WHAT TO WORK ON:
Nothing but the exact text of the entries should appear in your answer; pictures stay out.

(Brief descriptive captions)

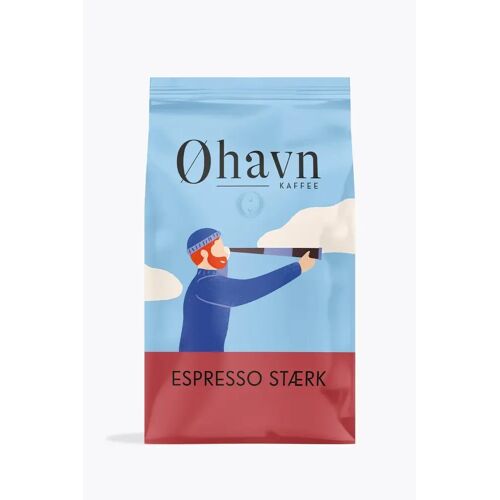 Ohavn KAFFEE Øhavn KAFFEE Espresso Stærk 1kg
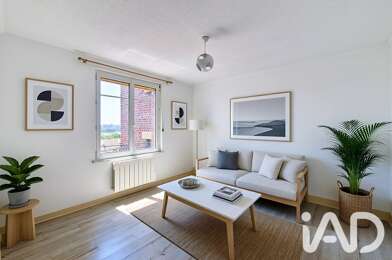 Appartement 2 pièces 135000 €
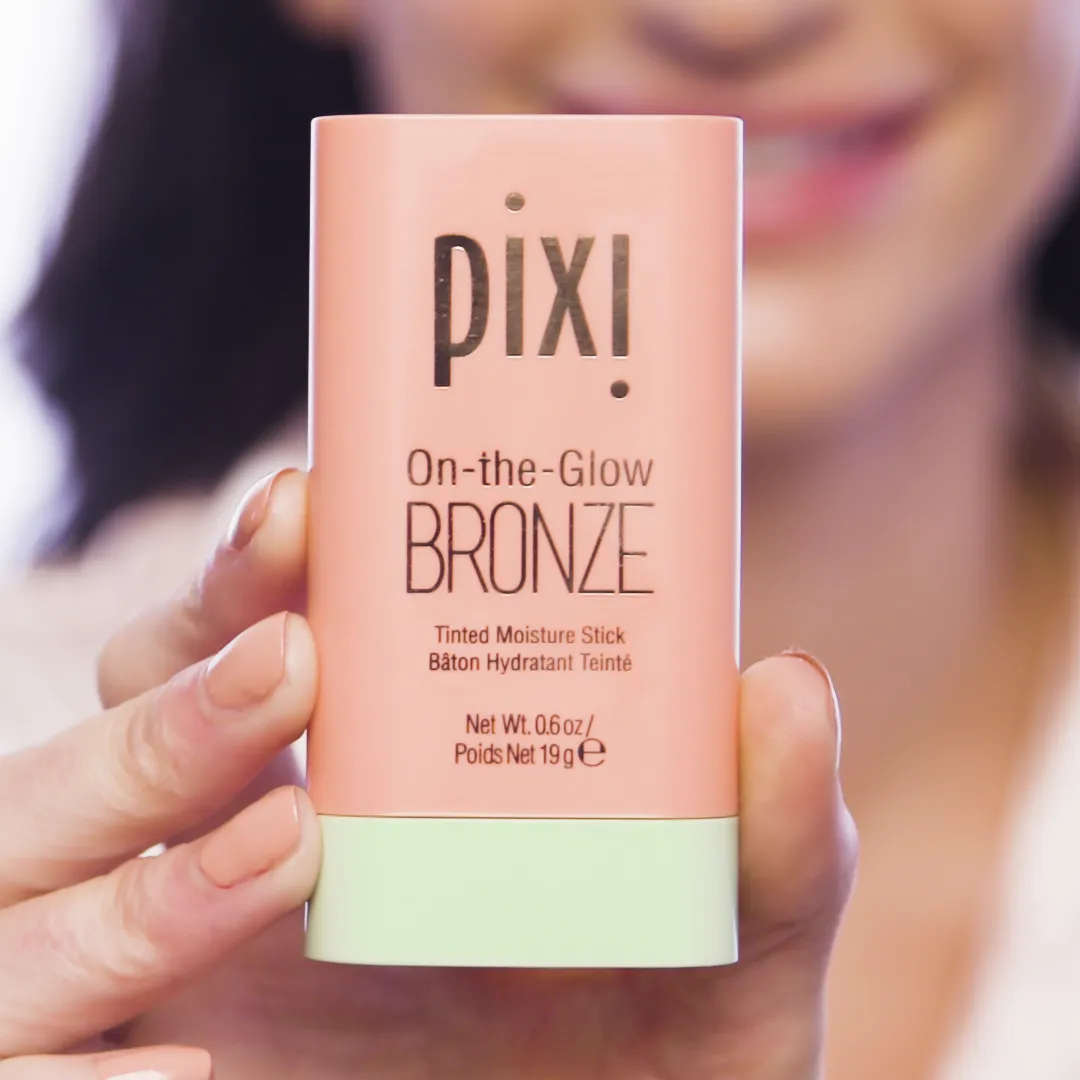 On-the-Glow Bronze Pixi Beauty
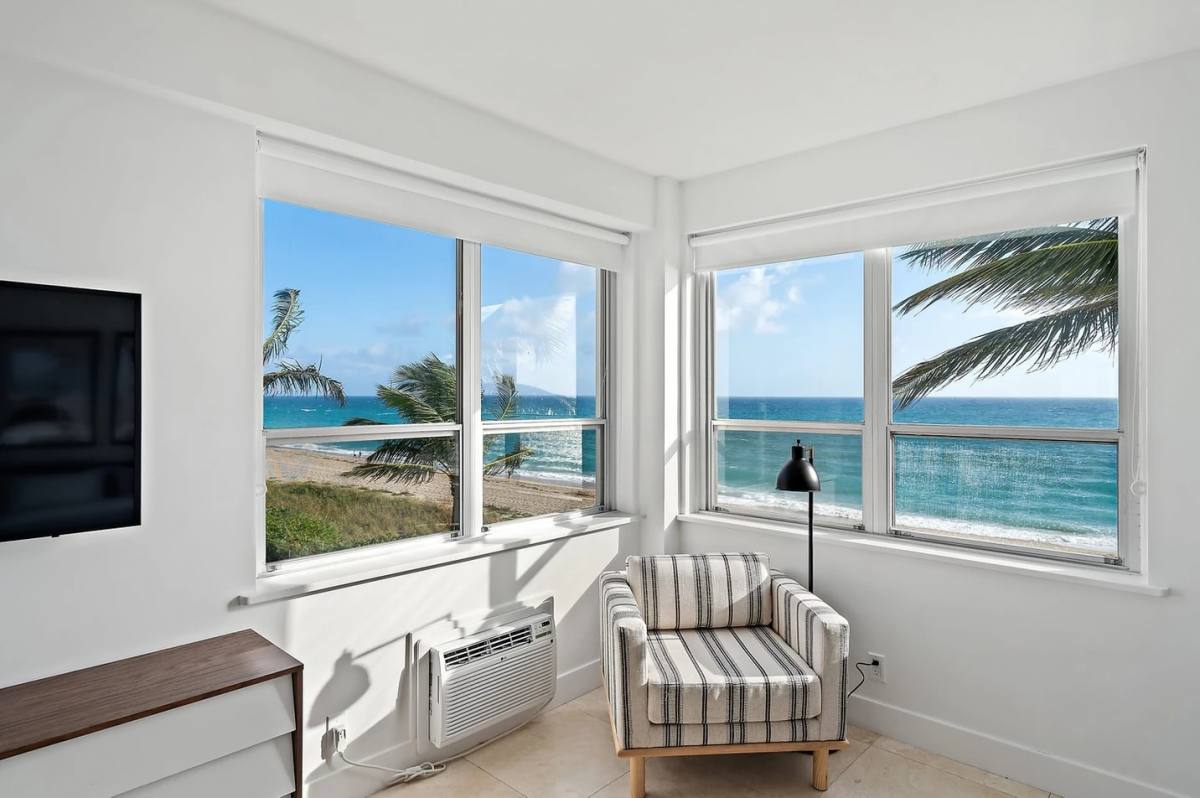 Apartment for rent at The Ambassador, 2730 S Ocean Blvd, Palm Beach, FL 33480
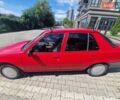 Пежо 309 1990 у Івано-Франківську на Automoto.ua Червоний Пежо 309, об'ємом двигуна 1.3 л та пробігом 325 тис. км за 1500 $, фото 2 на Automoto.ua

SOLUTION TO THE EXERCISE:
 Ohavn KAFFEE Øhavn KAFFEE Espresso Stærk 1kg
 Appartement 2 pièces 135000 €
 On-the-Glow Bronze Pixi Beauty
 Apartment for rent at The Ambassador, 2730 S Ocean Blvd, Palm Beach, FL 33480
 Пежо 309 1990 у Івано-Франківську на Automoto.ua Червоний Пежо 309, об'ємом двигуна 1.3 л та пробігом 325 тис. км за 1500 $, фото 2 на Automoto.ua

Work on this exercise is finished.